Early artisans could copy a person’s profile using no more than scissors on paper and their two eyes, creating within minutes a freehand miniature in startling accuracy. Or they might paint with soot or lamp black onto plaster or glass. Casting shadows onto paper with lights was another technique utilized. The artist traced the shadow and depending on his talent and the financial offering of the client, would cut from fine materials or add elaborate details.
Being an inexpensive artistry did not halt tracing shadow profiles from becoming all the rage in early 1700’s Europe. In France, the aristocracy embraced the amusement. Featured artists would attend extravagant balls and cut out the distinguished profiles of the Lords and Ladies capturing the latest fashions and elaborate wigs. In a strange twist of irony, it was this thrifty art form taken to incredible extremes by the pre-Revolutionary French noblemen and women that would later give the tracing of shades it’s perpetual name.
While the aristocrats were having their profiles cut out and eating like kings, much of Europe was starving. In the 1760s the Finance Minister of Louis XV, Etienne de Silhouette, had crippled the French people with his merciless tax policies. Oblivious to his people’s plight, Etienne was much more interested in his hobby of cutting out paper profiles. He was so despised by the people of France that in protest, the peasants wore only black mimicking his black paper cutouts. The saying went all over France, “We are dressing a la Silhouette. We are shadows, too poor to wear color. We are Silhouettes!”
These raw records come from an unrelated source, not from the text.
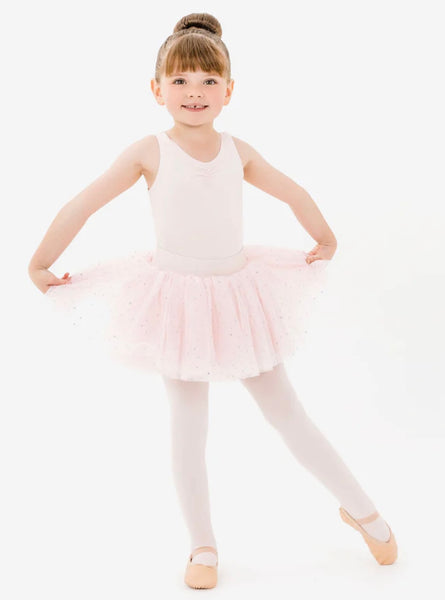 Flo Dancewear - sequin tutu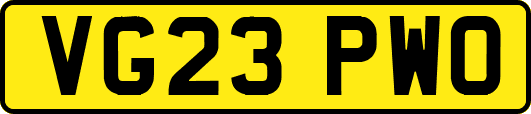 VG23PWO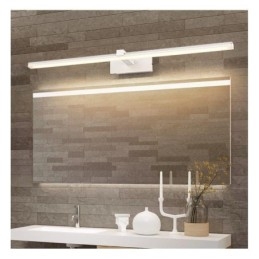 Moderne Vegglampe Speil Frontlampe Akryl Belysning Baderom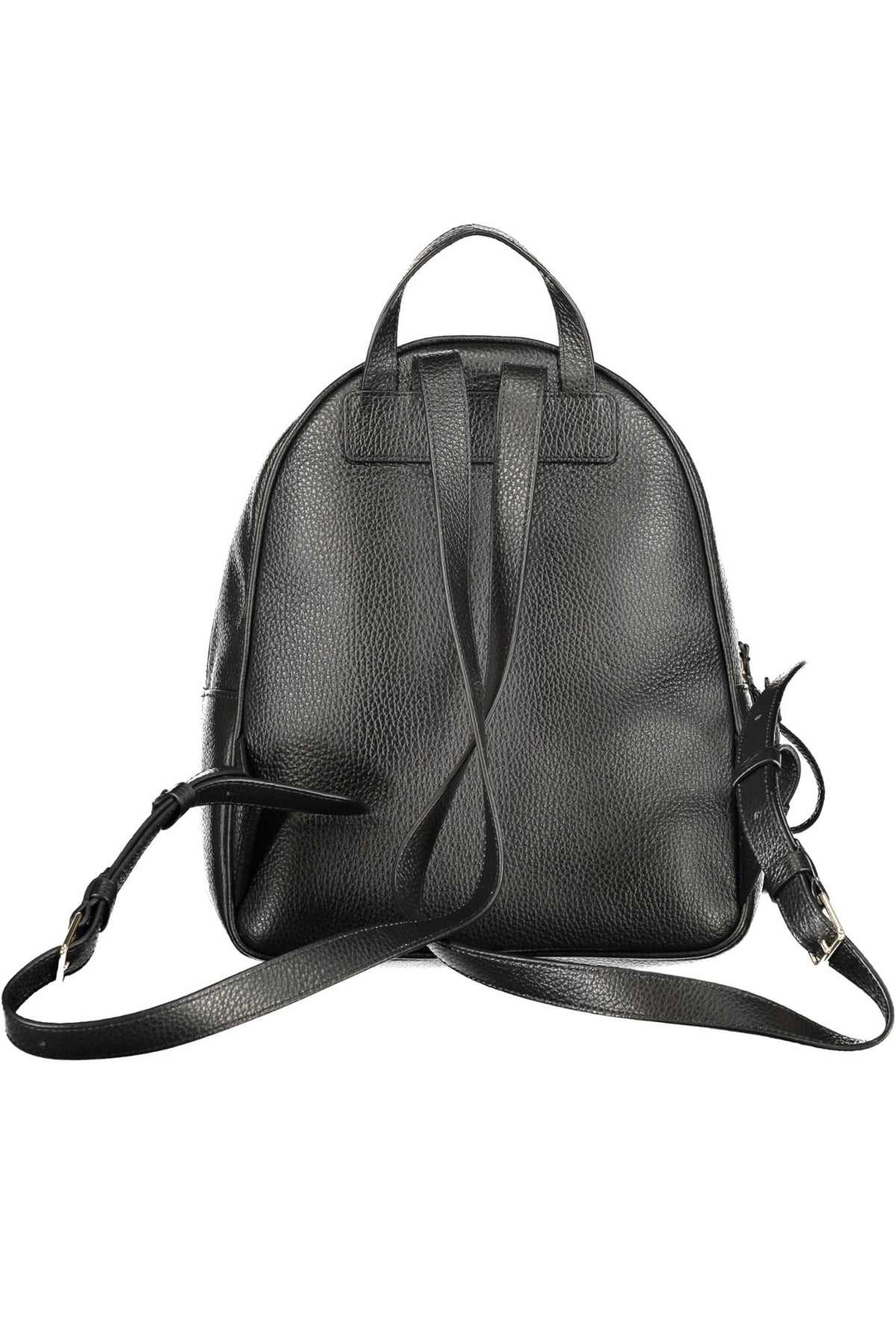 COCCINELLE Mochilas Mujer Negro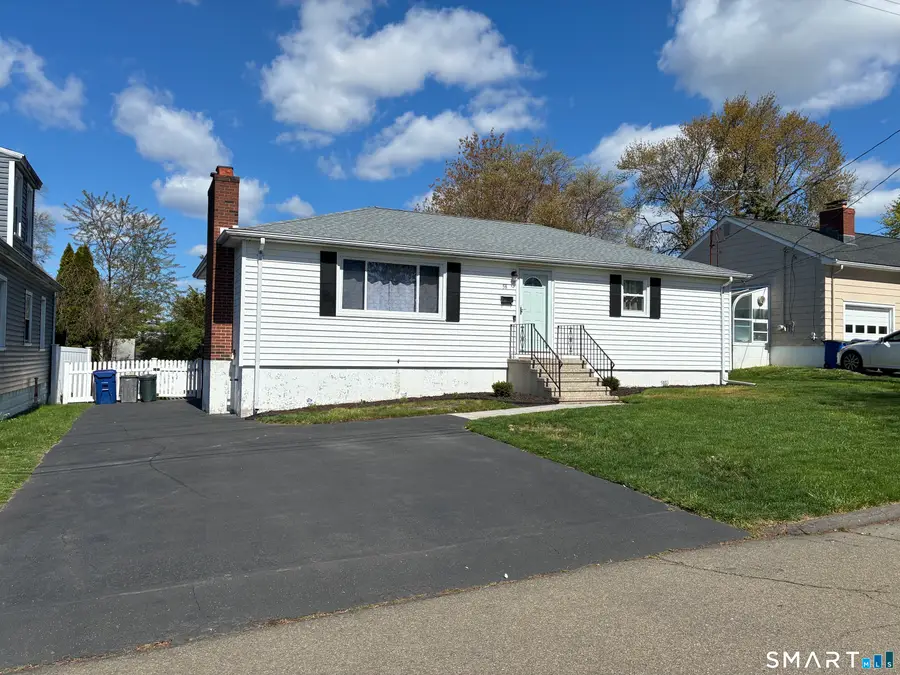 58 Parker Avenue, West Haven, CT 06516 - #2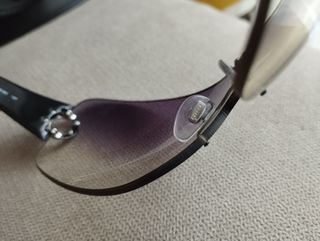 Gafas sol Bulgari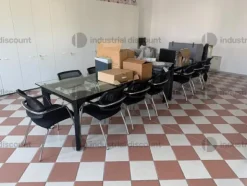 1#9680 Macchinari e attrezzatura metalmeccanica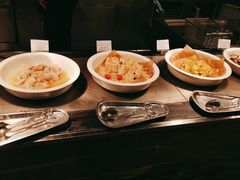 -南通绿洲国际假日酒店全日餐厅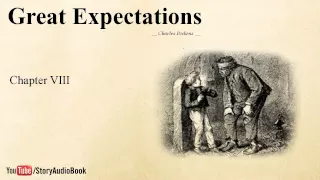 Great Expectations by Charles Dickens - Chapter 8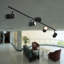 Aceton 90cm 4 -Light Track Kit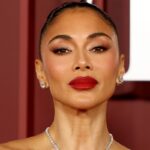 Nicole Scherzinger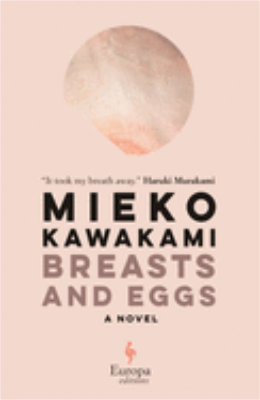 Cover for Breasts and Eggs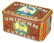 Uniform Cut Plug Tobacco Tin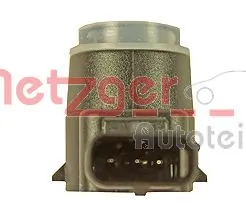 Датчик парктроніка METZGER (0901051)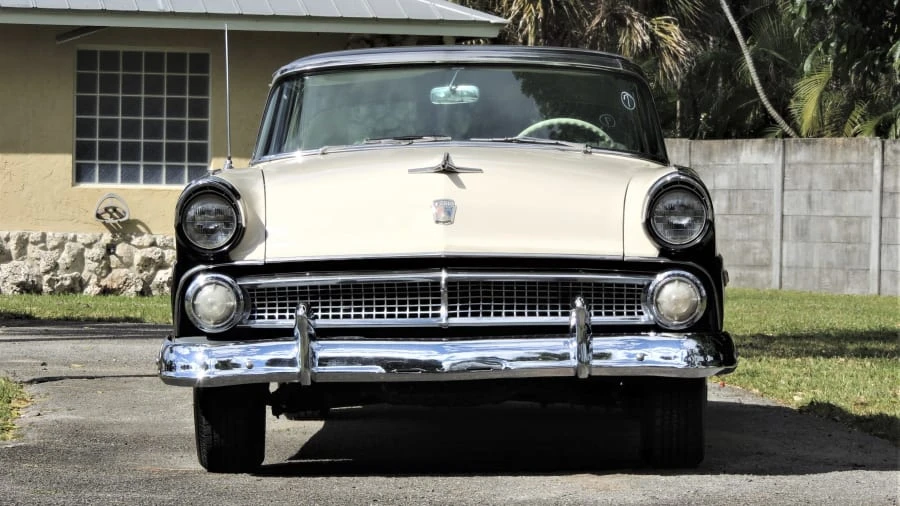 1955 Ford Crown Victoria - Image 15 of 27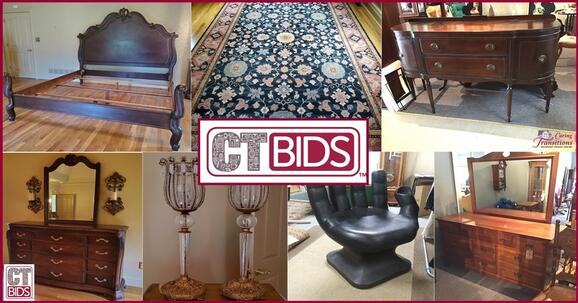 Sep 10 Preview For Lex Ctbids Warehouse Antique Store Online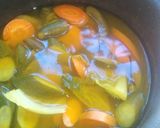 صورة لخطوة 3 من وصفة العنبة العراقيه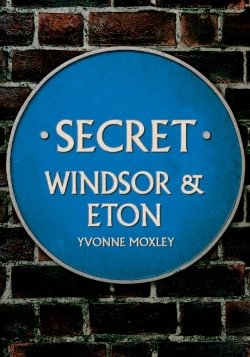 Bertrand.pt - Secret Windsor & Eton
The name “silhouette” in relation to shades would not be used for another forty years, but the art of profiling in shadow would proliferate. Thankfully the negative connotation did not last. Nor did the plain, unadorned black sketches. Clients wanted novelty and artists needed to stand out from competitors. This soon led to elaborate variations on the simple cut profile. By the 1790s, many profiles were painted – on paper, ivory, plaster, or even glass. Elaborate embellishments became prominent, depicting jewelry, lace collars, and elaborate hairstyles. Bronzing, or the process of adding fine brushes of gold paint to the hair or clothing, became very popular after 1800.
Inevitably prices increased as the materials became more expensive. Yet, the simple truth is that it is the black face which allows the work to be termed a silhouette. Any extra detail on the face would have made it a portrait, not a shade!
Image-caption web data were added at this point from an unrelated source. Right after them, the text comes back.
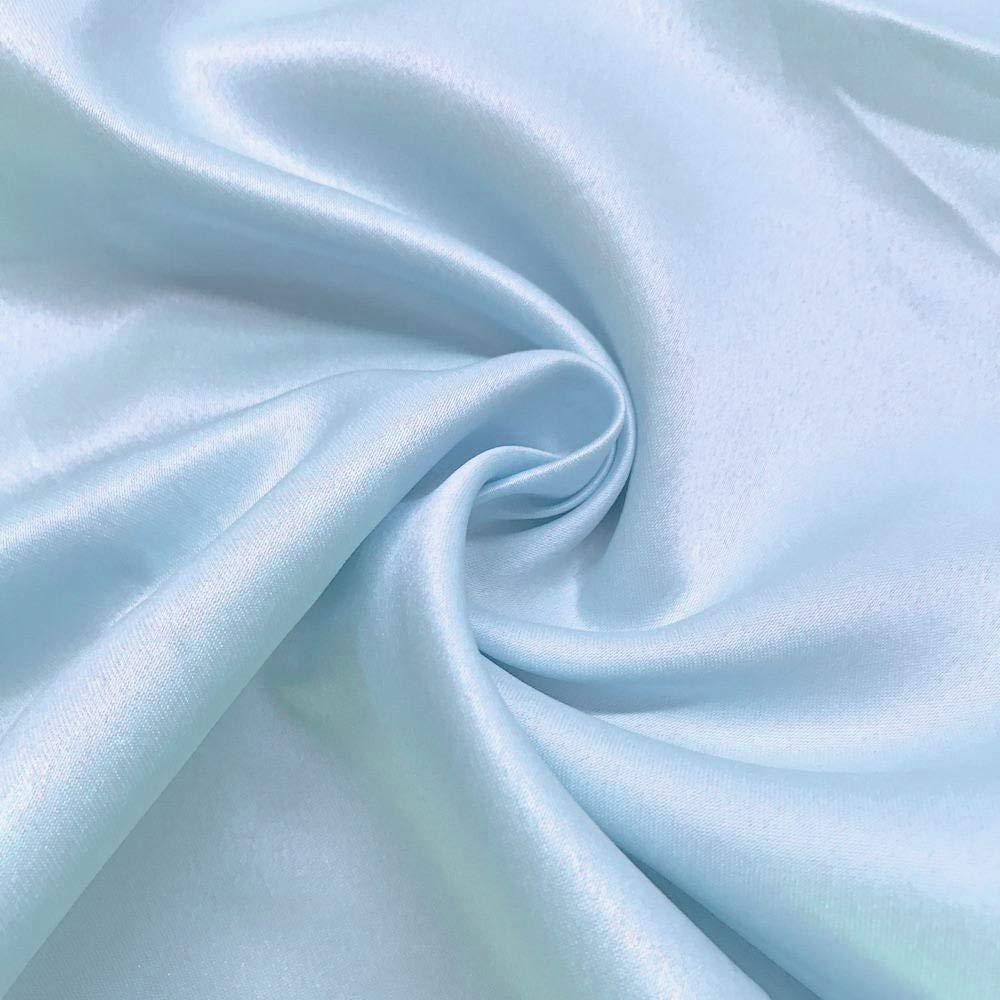 American Baby Company Heavenly Soft Chenille Receiving Blanket Blue 30 x 40
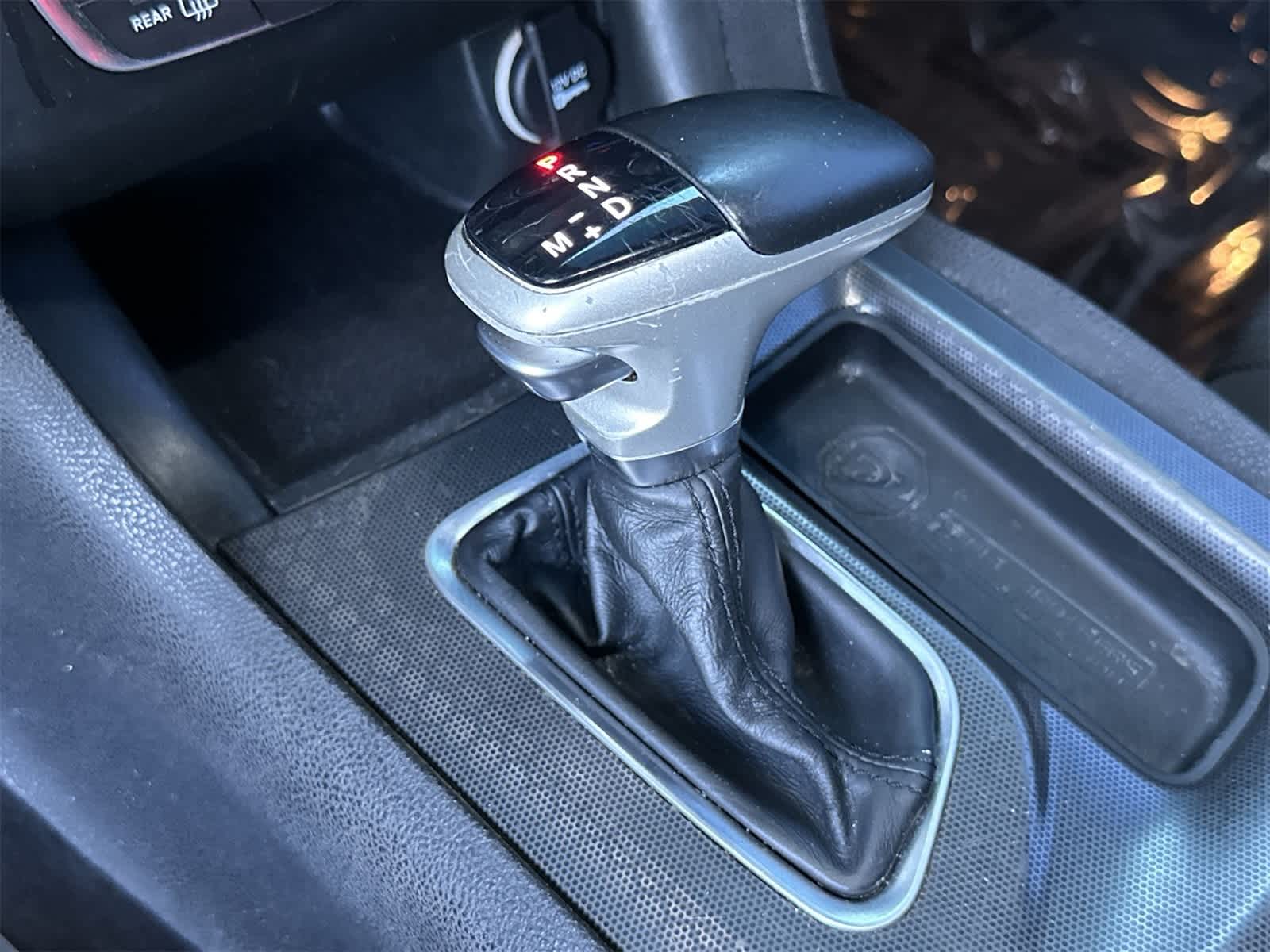 Thumbnail: 2018 Dodge Charger - 20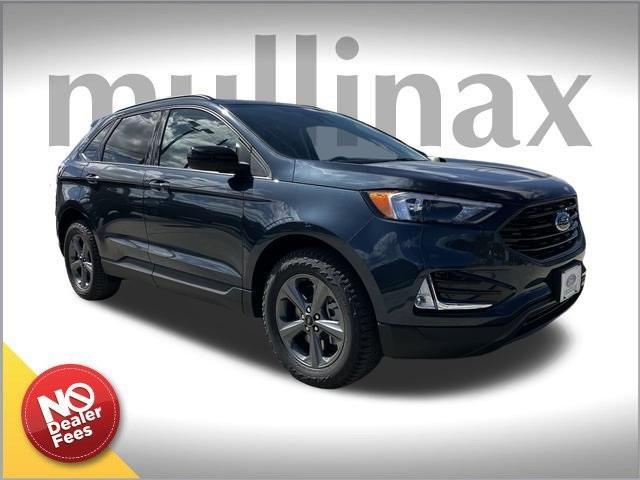 new 2024 Ford Edge car, priced at $38,954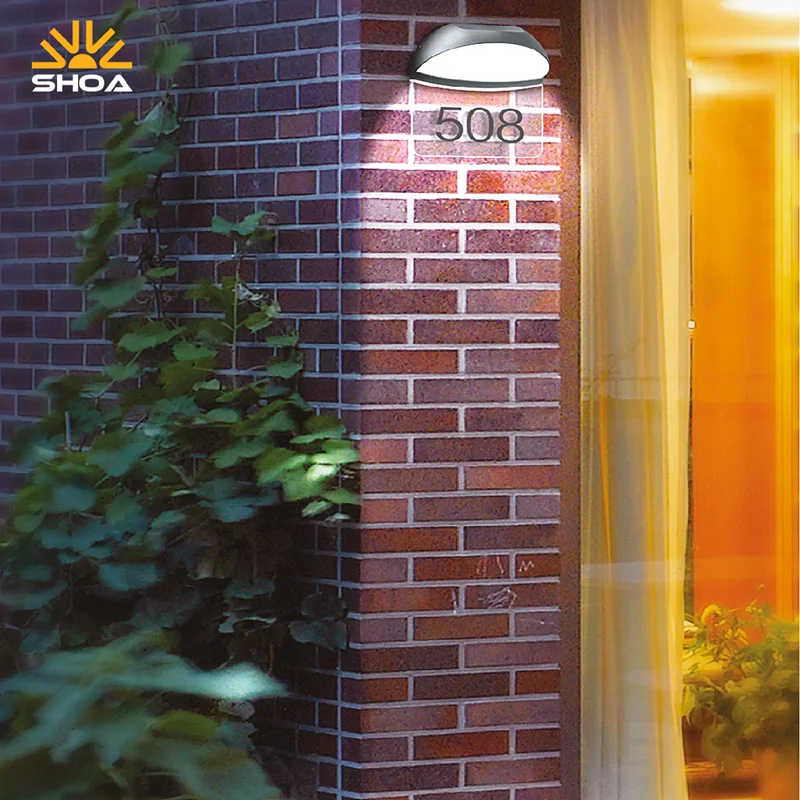 چراغ دیواری شعاع مدل SH-4105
While some shades were life-sized, or nearly so, most were very tiny. Placing the shadowy profile of a loved one onto a brooch or necklace required a skill of astounding proportions. Two of those most gifted were Englishmen John Field and John Miers. The plumed woman to the left is one of Miers’s masterpieces. Miers opened a London business in 1788, attained a high level of success and fame including the honor of painting King George III and Queen Charlotte.
The art of silhouette cutting reached its “golden age” in the 1800s. Many eighteenth-century silhouettists were, in fact, aspiring portrait artists or miniaturists. Some of them turned to creating silhouettes to tide themselves over when business was slack. Others found they developed a name for their work in this genre and quickly developed a market for it. Often unpretentious, they gave their public what they wanted without aspiring to artistic greatness, therefore reflecting with great clarity the pre-occupations and sensibilities of their time.
The most famous silhouettist of the Regency Era was Auguste Edouart. He resisted the fancier flourishes, insisting on the traditional black outline, although his lithographed backgrounds are legendary for their beauty. It was also he who first used the term “silhouette” formally, believing it had a magnificence to elevate the art form. He traveled up and down the English coast plying his artistry and became very wealthy in the process. By the end of his life, it is estimated that he amassed a collection of over 100,000 portraits! Tragically, a shipwreck off the coast of Jersey would lead to the vast bulk of his portfolio being lost at the bottom of the sea, where they presumably still remain. Edouart escaped death but was so grief-stricken at the loss that he never again cut a profile.
With the advent of the camera and the increased availability of reasonably priced paints, silhouette as a unique art form waned. By the 20th century, there were few artisans who maintained the professional attitude, and they were generally found at carnivals and seaside resorts. That is not to say, however, that the craft of silhouette died completely.